Action item ▸ Without including any pictures, return the records below exactly as written.

Extracted information ▸
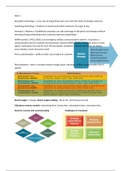 Management Strategy & Database Hoofdstuk 3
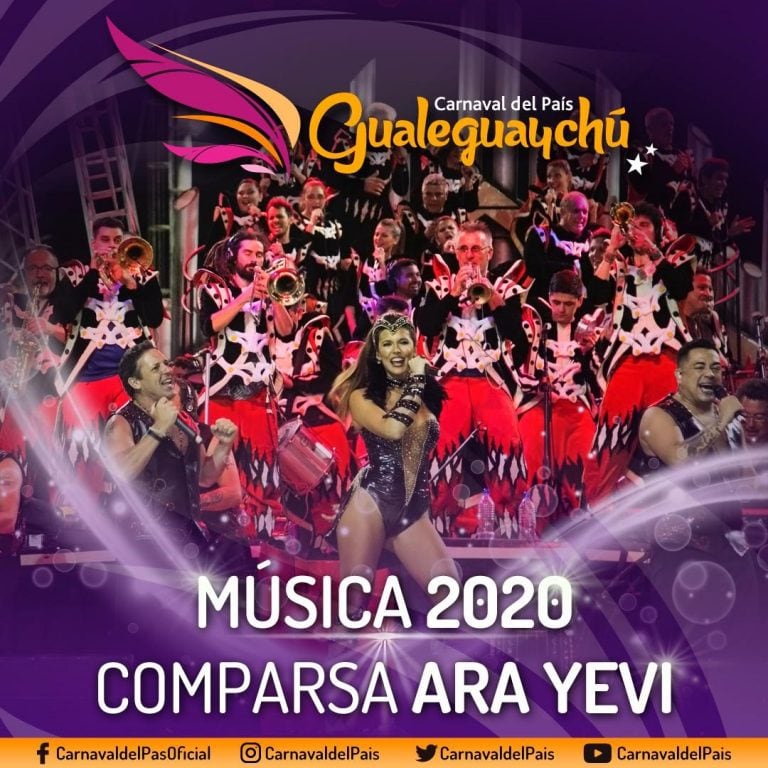 Premios Carnaval del País
Crédito: Carnaval del País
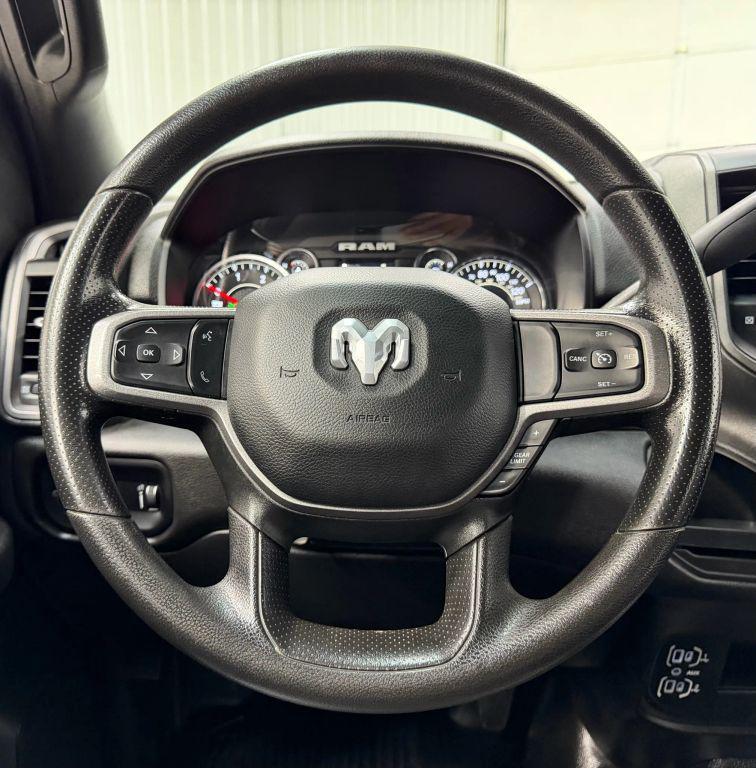 used 2023 Ram 3500 car, priced at $48,900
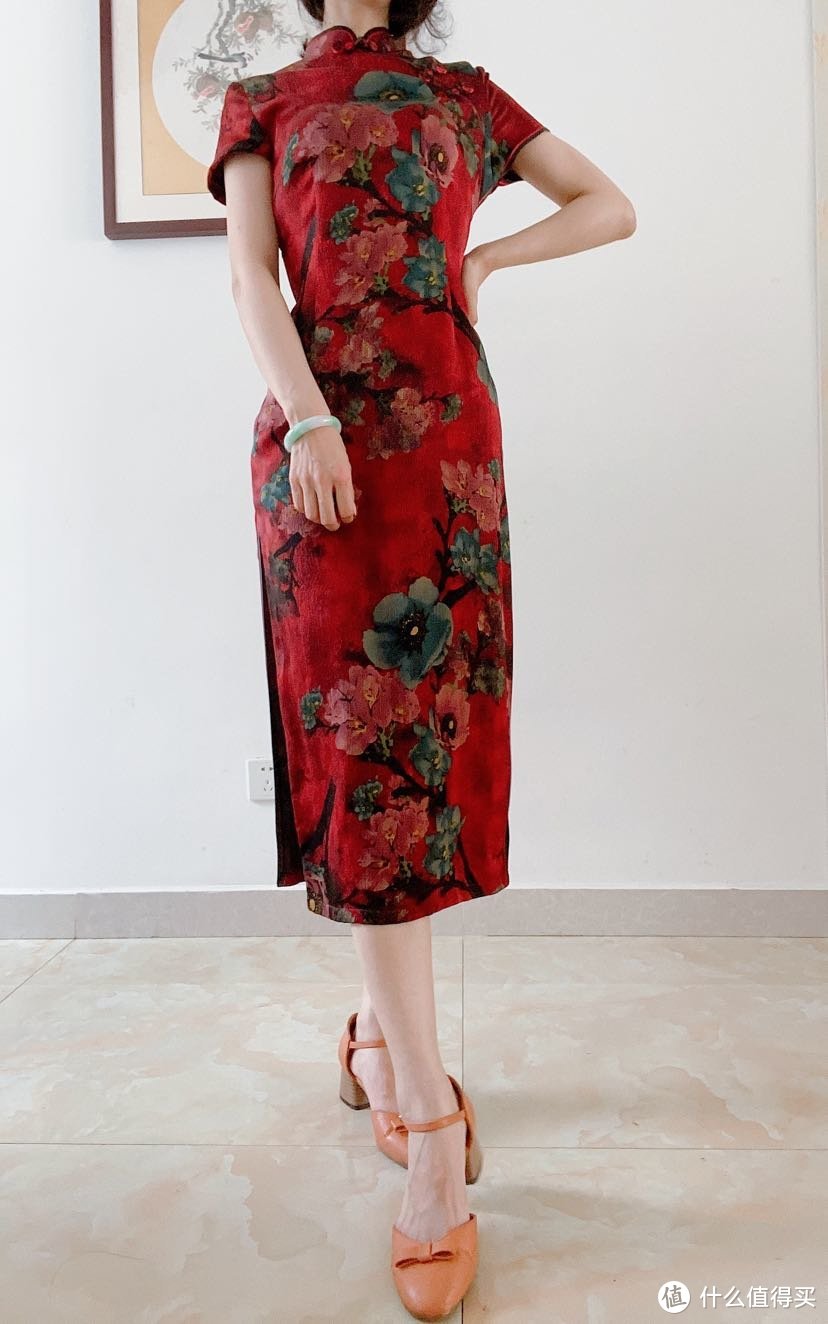 夏日炎炎 旗袍最甜——论哪种长度的旗袍最好看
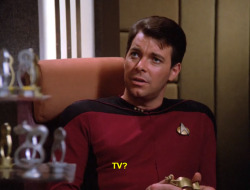 amtrax: amazed-adventurer:   jimintomystery:  captainsblogsupplemental: Just 22 years of television left. Hope it’s good. First time I saw this I though it was silly.  There was an air here  of “oh, TV is bad for you, and in the future everybody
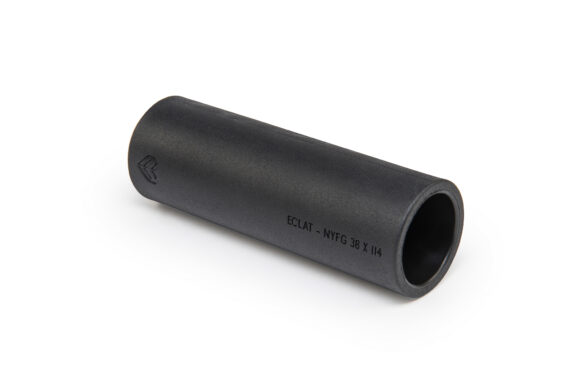 PEDALIN REEMPLAZO ECLAT VENOM  4.5" NEGRO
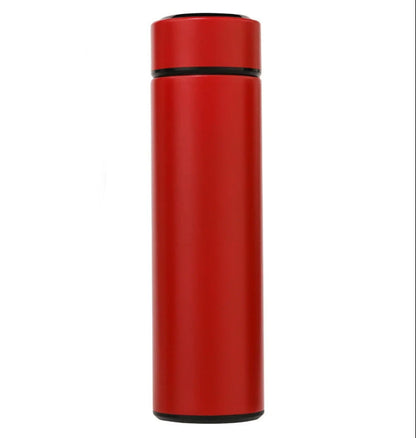 Stainless Steel Smart Thermos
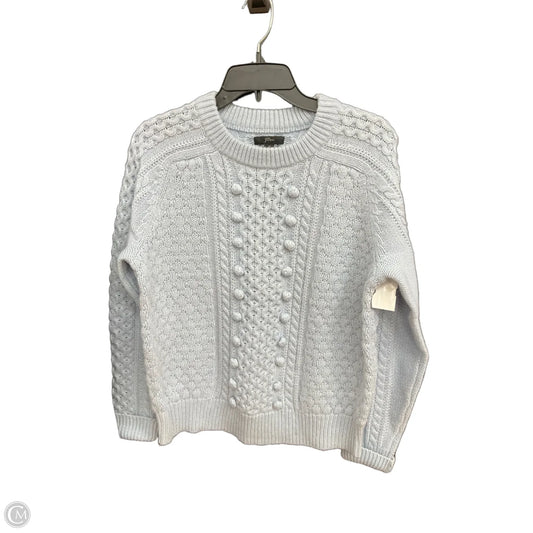 Sweater By J. Crew In Blue, Size: M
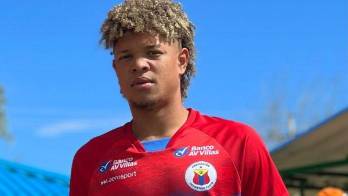 Panameño José Bernal ficha por el Deportivo Pasto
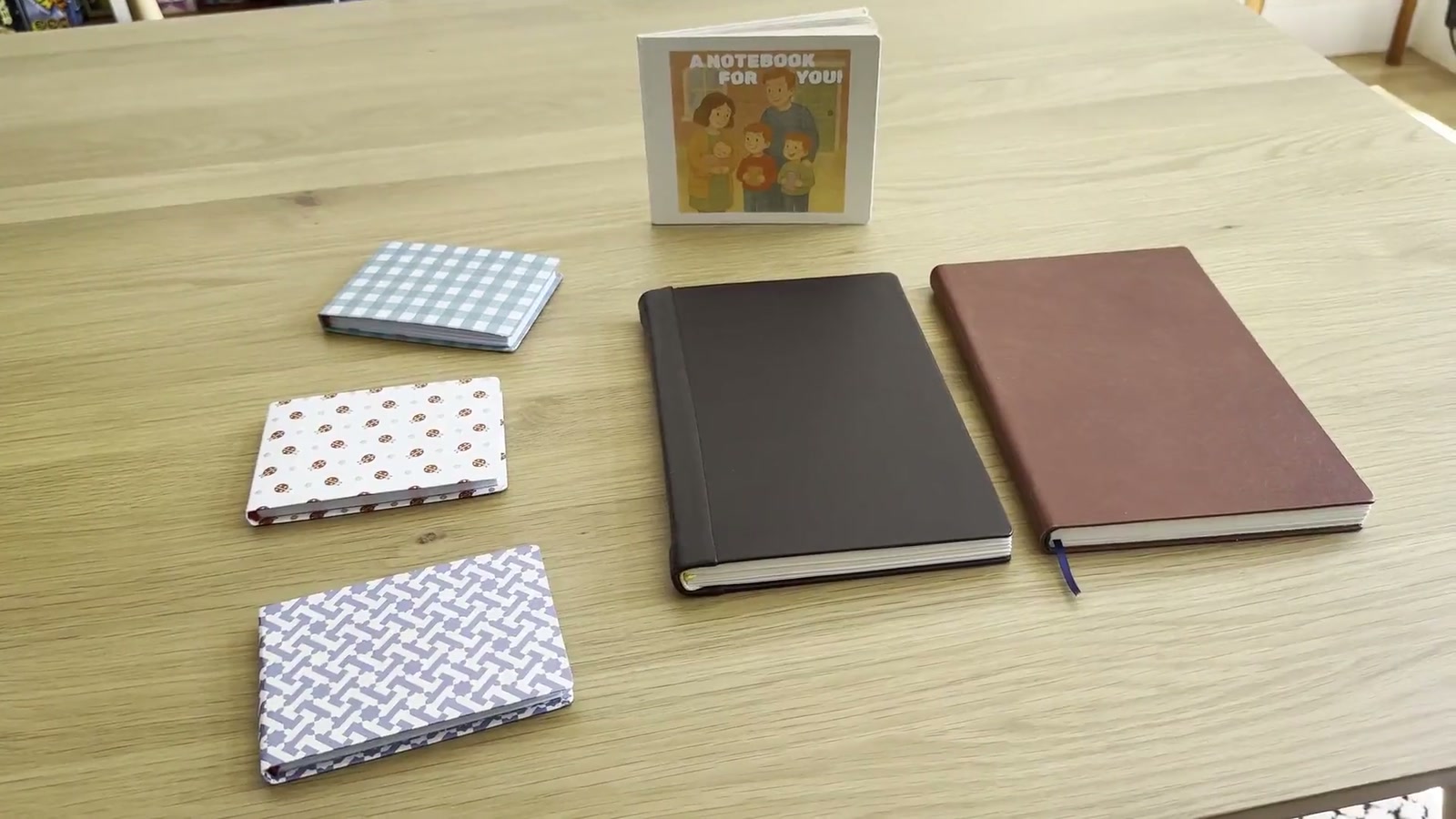 Welcome Baby Books video 1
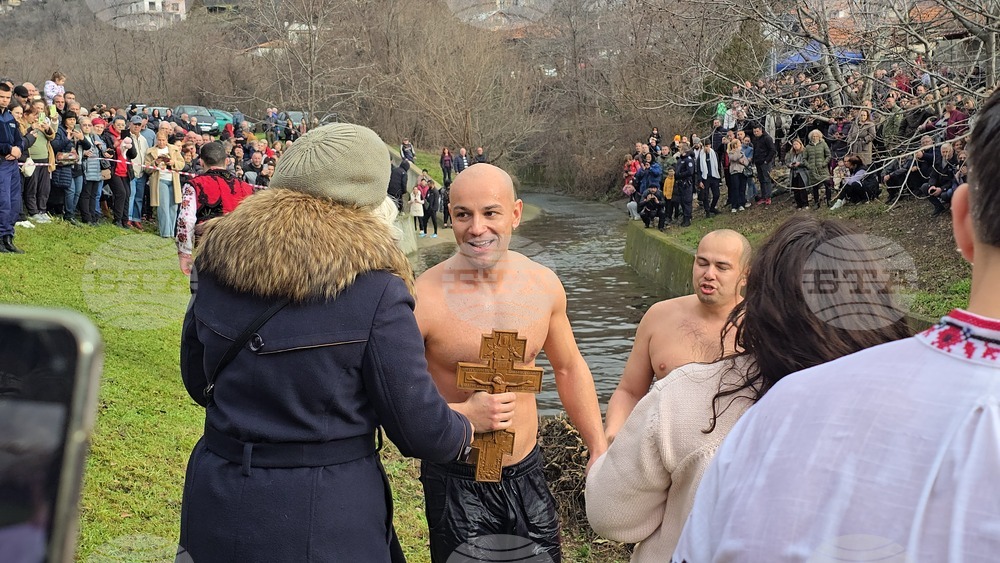 Сливен - Богоявление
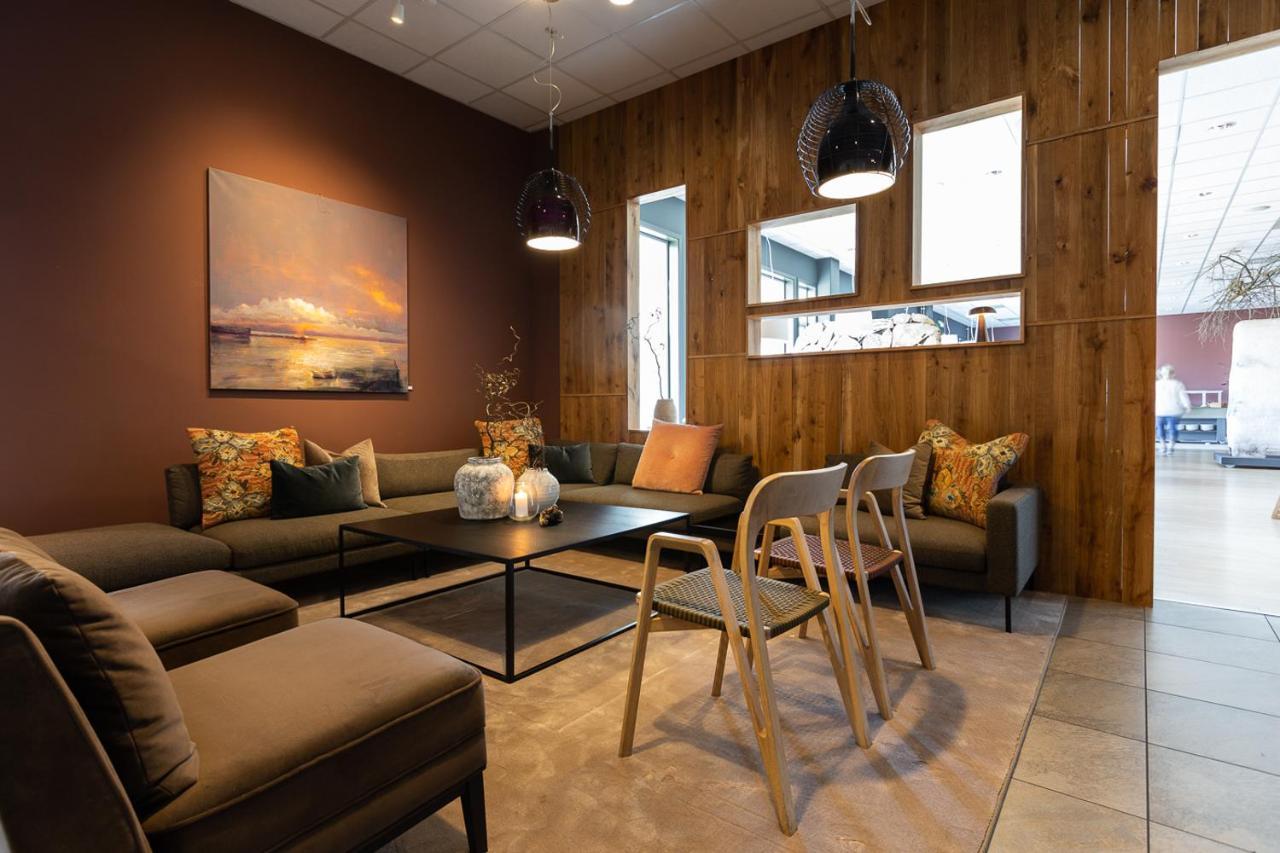 Lindesnes Havhotel Spangereid Luaran gambar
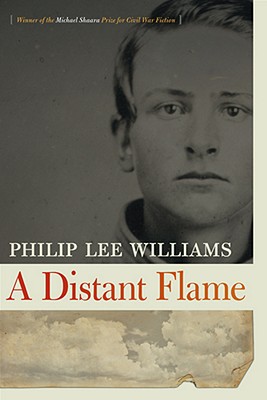 Image for A Distant Flame: A Novel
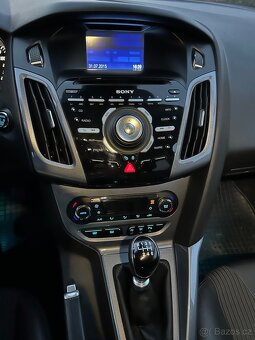 FORD FOCUS COMBI 1.6 EcoBoost 110KW MAX VÝBAVA - 13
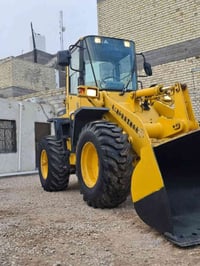 كوماتسو • حجم ١٠٠ • كير ميكانيكي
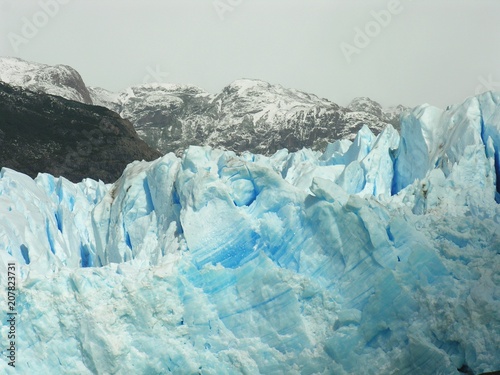 Glacier Grey, Chile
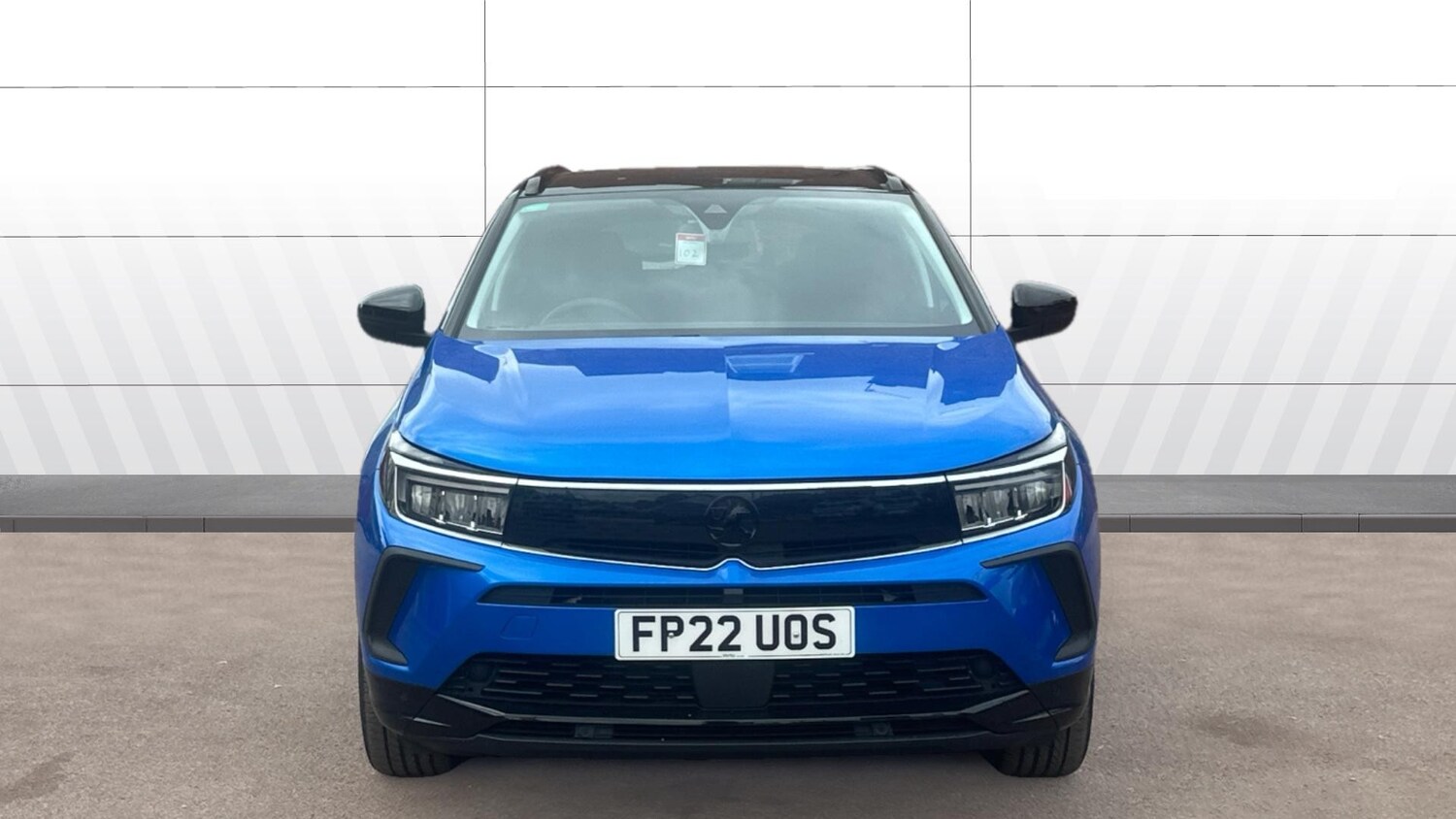 Used Vauxhall Grandland 2022 for sale - 76355437: Photo 3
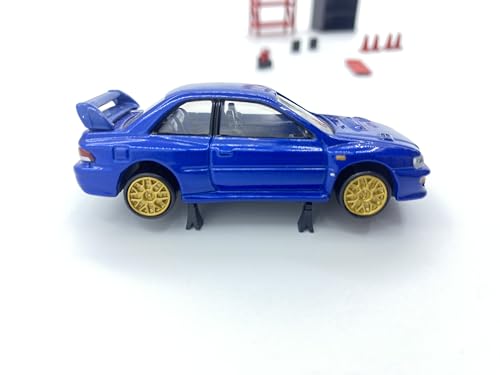 image for Generic Malamfans/G-Fans 1/64 Car Model Accessories Display Scene Mode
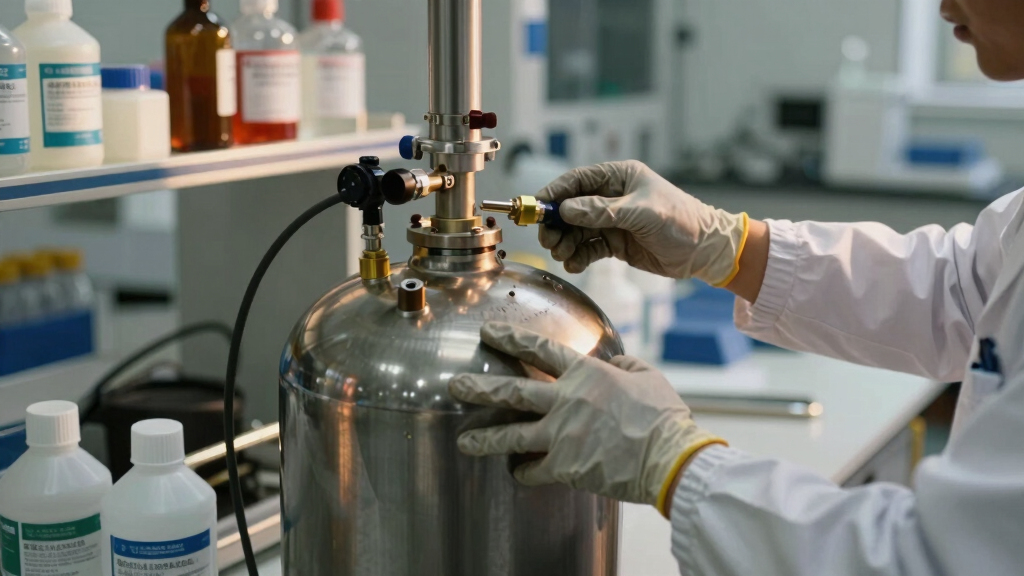Helium tank and solvent shortages latest Iran war pain for tech suppliers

Answer to the problem ▸
 Management Strategy & Database Hoofdstuk 3
 Premios Carnaval del País
Crédito: Carnaval del País
 used 2023 Ram 3500 car, priced at $48,900
 夏日炎炎 旗袍最甜——论哪种长度的旗袍最好看
 amtrax: amazed-adventurer:   jimintomystery:  captainsblogsupplemental: Just 22 years of television left. Hope it’s good. First time I saw this I though it was silly.  There was an air here  of “oh, TV is bad for you, and in the future everybody
 PEDALIN REEMPLAZO ECLAT VENOM  4.5" NEGRO
 Stainless Steel Smart Thermos
 Sweater By J. Crew In Blue, Size: M
 Panameño José Bernal ficha por el Deportivo Pasto
 Welcome Baby Books video 1
 Сливен - Богоявление
 Lindesnes Havhotel Spangereid Luaran gambar
 Image for A Distant Flame: A Novel
 FORD FOCUS COMBI 1.6 EcoBoost 110KW MAX VÝBAVA - 13
 كوماتسو • حجم ١٠٠ • كير ميكانيكي
 Glacier Grey, Chile
 Used Vauxhall Grandland 2022 for sale - 76355437: Photo 3
 image for Generic Malamfans/G-Fans 1/64 Car Model Accessories Display Scene Mode
Helium tank and solvent shortages latest Iran war pain for tech suppliers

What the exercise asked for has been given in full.